Esposa de Mentirinha (Just Go With It, 2011)

Escrito por Márcio Sallem

Desde 1999 a produtora de Adam Sandler, a Happy Madison Productions, despeja atrocidades auto-entituladas comédias para a família nos cinemas e que revelam, invariavelmente, o mau gosto do fundador e de toda a trupe de diretores, roteiristas e atores associados aos projetos. Assim, para os satisfatórios Como se Fosse a Primeira Vez ou Eu os Declaro Marido e... Larry, são produzidas uma meia dúzia de bobagens medíocres como Tratamento de Choque, Click e Gente Grande e outra meia dúzia de calamidades como Little Nicky, Gigolô por Acidente, Animal, Joe Sujo, Garota Veneno... e esta última lista é tão grande que  poderia esgotaria os caracteres restantes para descontruir essa esporadicamente engraçada, mas incrivelmente boba  e insossa comédia "romântica".

É interessante que Esposa de Mentirinha seja a refilmagem do engraçado Flor de Cactus de 1969, no qual Walther Matthau interpretava um dentista que convencia a enfermeira  interpretada por Ingrid Bergman a posar de esposa para sustentar a mentira contada a personagem de Goldie Hawn (que por este filme ganhou o único Oscar de sua carreira). Transportado para os dias atuais de Dr. Hollywood, o roteiro de Allan Loeb e Timothy Dowling transforma o dentista do original em Danny, um cirurgião plástico bem sucedido em Beverly Hills e ideal para que Adam Sandler crie uma extensa galeria de infames piadas sobre deformidades plásticas, e portanto, o uso excessivo de botox ou silicone parecem ser os únicos recursos do comediante.

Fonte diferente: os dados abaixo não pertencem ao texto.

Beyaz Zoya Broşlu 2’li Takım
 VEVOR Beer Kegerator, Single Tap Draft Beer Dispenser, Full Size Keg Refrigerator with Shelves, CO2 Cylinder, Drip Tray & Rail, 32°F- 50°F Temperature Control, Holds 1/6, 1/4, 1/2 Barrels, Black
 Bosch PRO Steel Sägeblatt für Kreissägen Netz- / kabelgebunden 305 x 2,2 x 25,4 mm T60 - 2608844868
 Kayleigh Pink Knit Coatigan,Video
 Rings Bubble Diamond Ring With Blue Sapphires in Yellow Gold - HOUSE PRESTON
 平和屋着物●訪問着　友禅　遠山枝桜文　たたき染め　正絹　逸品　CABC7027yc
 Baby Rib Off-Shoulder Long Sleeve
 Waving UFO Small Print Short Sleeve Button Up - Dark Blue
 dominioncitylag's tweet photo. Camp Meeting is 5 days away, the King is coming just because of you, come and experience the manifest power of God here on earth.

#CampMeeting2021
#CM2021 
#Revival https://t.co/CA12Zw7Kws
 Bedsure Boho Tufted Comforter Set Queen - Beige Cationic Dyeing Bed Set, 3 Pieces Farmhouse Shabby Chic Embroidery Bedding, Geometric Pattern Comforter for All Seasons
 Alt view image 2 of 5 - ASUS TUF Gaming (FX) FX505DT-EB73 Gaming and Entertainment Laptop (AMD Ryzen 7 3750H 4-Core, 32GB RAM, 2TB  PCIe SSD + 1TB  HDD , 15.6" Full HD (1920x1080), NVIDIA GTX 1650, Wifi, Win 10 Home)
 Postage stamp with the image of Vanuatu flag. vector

Mas, se a mudança de ofício parece justificada pelo grande nariz de Cyrano de Bergerac, um crime da maquiagem na artificial prótese nasal, outras decisões dos roteiristas evidenciam a completa falta de inteligência da dupla. Katherine (Jennifer Aniston) não tinha filhos na versão original e, apesar de representarem alguns dos melhores momentos cômicos, também denunciam a inabilidade dos roteiristas em tornar verossímil e aceitável a mentira contada, o que apenas reforça a pergunta da pequena Maggie: "Porque você não conta a verdade?". Em outro momento, Katherine racionalmente apresenta um argumento interessante, pois se ela é a recepcionista e enfermeira de Danny, é inevitável que Palmer (Brooklyn Decker) descubra a verdade. Porém, Loeb e Downling sequer conseguem vislumbrar a ignorância em um crime que passa desapercebido debaixo de seus olhos, pois se Danny e Palmer desejam se casar no Havaí, como eles o fariam se Danny e Katherine supostamente não estão ainda divorciados? Bigamia deixou de ser crime?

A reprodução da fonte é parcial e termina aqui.